Task item:
Please make an exact copy of the listing, without the pictures.
#### Information provided
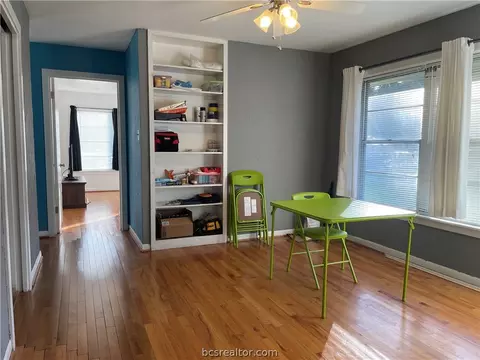 406 Olive St, Bryan, TX 77801 photo 4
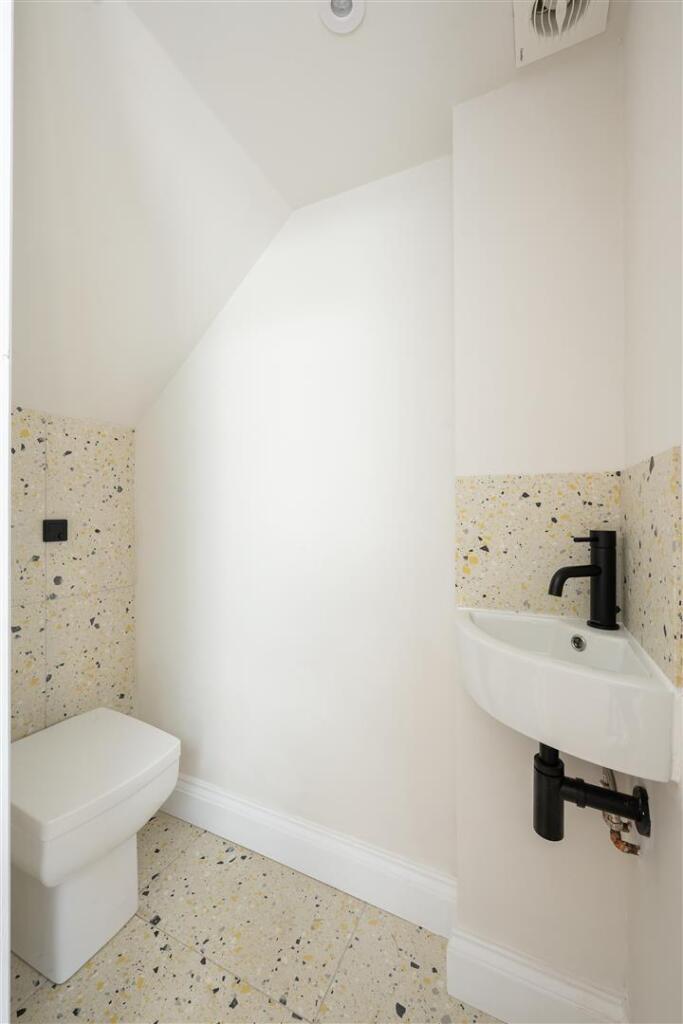 Queen Elizabeth Road E17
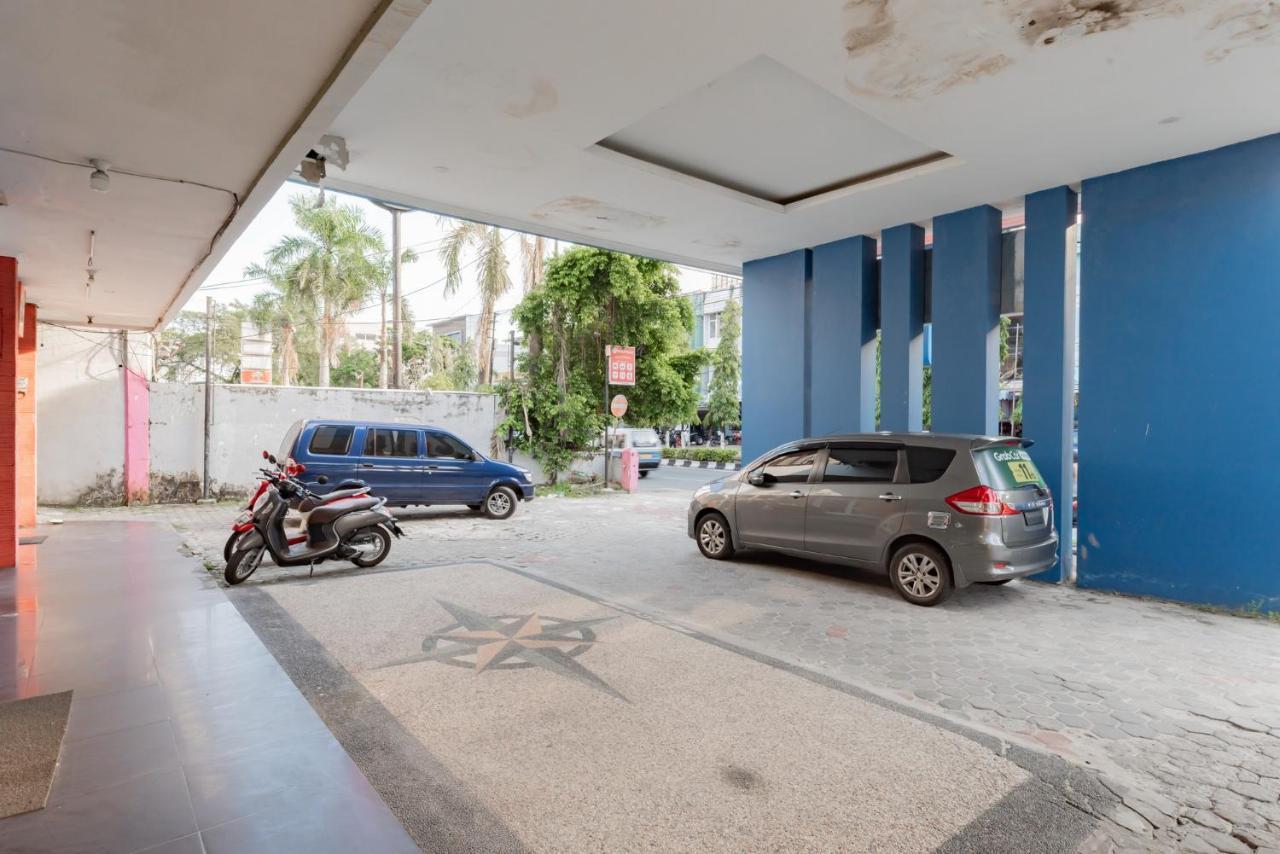 Hotel Reddoorz Near Plaza Balikpapan Esterno foto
########
Final answer:
 406 Olive St, Bryan, TX 77801 photo 4
 Queen Elizabeth Road E17
 Hotel Reddoorz Near Plaza Balikpapan Esterno foto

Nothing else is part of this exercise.